That night, I had Junie’s babysitter take her out to see a movie, and after Aaron came home from work, I told him that I needed to tell him something. My whole body was kind of vibrating; my skin felt tingly.
“You look a little sick,” Aaron said, frowning. “Are you okay?”
“I just listen—” I said, and he instantly stiffened.
“Did someone die?” he blurted out. “Did your mom die? Wait, did my mom die? Is that why you sent Junie out with Bea?”
“No, god, Aaron, I’m sorry. No, nobody died. No one is dead. No one is dying, either. It’s nothing like that. Jeez, you ran to that so fast.”
“You just had that look,” he said, still suspicious of me. “Like someone had died. You looked like my mom when she told me that our dog got hit by a car.”
“Well, thank god, it’s nothing like that. This is just my face, you know? My normal face.”
“You’re really pale,” he said, inspecting my face. “You’re sweating.”
“Shit, you’re making this worse,” I told him. “Do you want a beer or something?
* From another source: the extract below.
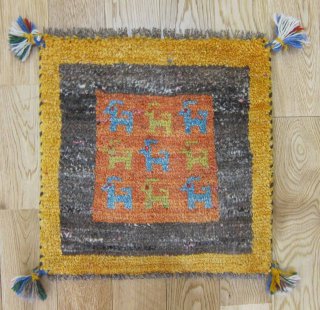 [up]　ギャッベ座布団サイズ　40×40cm　『南堀江だより』も更新しました。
Do you think that would relax you?”
“I think you’d better tell me what it is,” he said, “’cause you’re freaking me out a little bit.”
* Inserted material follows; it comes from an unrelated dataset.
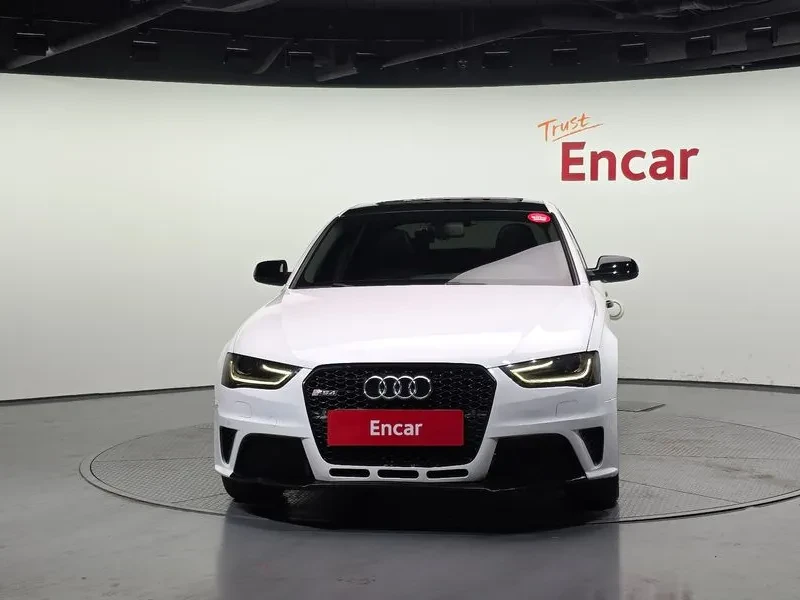 Audi A4 2.0 TDI Dynamic B8, снимка 3 - Автомобили и джипове - 53267572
“Okay, well, I met with this woman today, and she wants to write about me for the New Yorker, and so—”
“Oh, shit, Jesus, Frankie, it’s good news? Why were you acting like that? This is great! Is it about the Evie books? Or your novel?”
“No,” I said, “it’s not about the books.”
“Oh,” he replied. He was smiling, but I could see that his mind was working, trying to figure out why anyone would want to talk to me if it wasn’t about Evie Fastabend and her evil mind. “Well, then what?”
“She wants to talk to me about the Coalfield Panic,” I finally said.
“Is it, like, an oral history, then? Frankie, jeez, I’m confused, and I wish you’d just say what—”
“I did it,” I said, screaming a little. “I made it happen. Back then. I made the poster. I wrote those words.”
“Shut up,” he said, frowning. “Frankie, you would get in a ton of trouble if you lied about that. She’s a reporter, so, like, she would—”
“I really did. I really did. Back then, that summer. I wrote that phrase, and I made the poster and I hung it up all over town, and then things got really weird, and it was too late to do anything about it. And so I just didn’t tell anyone, ever.”
“You didn’t tell me,” he said. “You didn’t tell me about this? What the hell?”
I reached for him and he let me, which was a kindness, to let me touch him. I hugged him. “I didn’t tell anyone, Aaron. Do you understand? I couldn’t.”
“Well, you must have told someone, because this lady knows, right?”
“It’s complicated,” I told him. “She kind of knew, and then she asked me, and I said yes. And now she is going to write about it. And everybody is going to know.”
“Well, now, shit, wait. You know, Marcus is a lawyer, so we should ask him about it first.”
“Your brother does immigration law, Aaron. He wouldn’t know the first thing about something like this.”
“Well, he knows the language, right? He could do, like, a cease-and-desist. Or sue for defamation of character.”
“But, Aaron, do you understand? You heard me, right? I did it. I did do it. I made it. The edge? You know about the edge, right? I wrote that. I made it.”
“Well, it feels really defamatory to bring that shit up now,” he said, trying so hard to protect me, which made me feel much worse. “It feels libelous or whatever to bring up something you did as a juvenile. Shouldn’t that be sealed, you know? The record of it should be sealed, because you weren’t eighteen.”
Junie would be home in less than an hour. We were not going to spend that time on the internet typing mass hysteria legal responsibility juvenile statute of limitations and reading twenty pages of results. It was too late for that. The story had already happened. I’d already written it.
“I think you should talk to Jules,” he said suddenly, referring to my literary agent. “I mean, you need to let the publisher know, too. Because they might not be too jazzed about this.”
“I mean, I will tell them, I guess, but I don’t care that much right now.”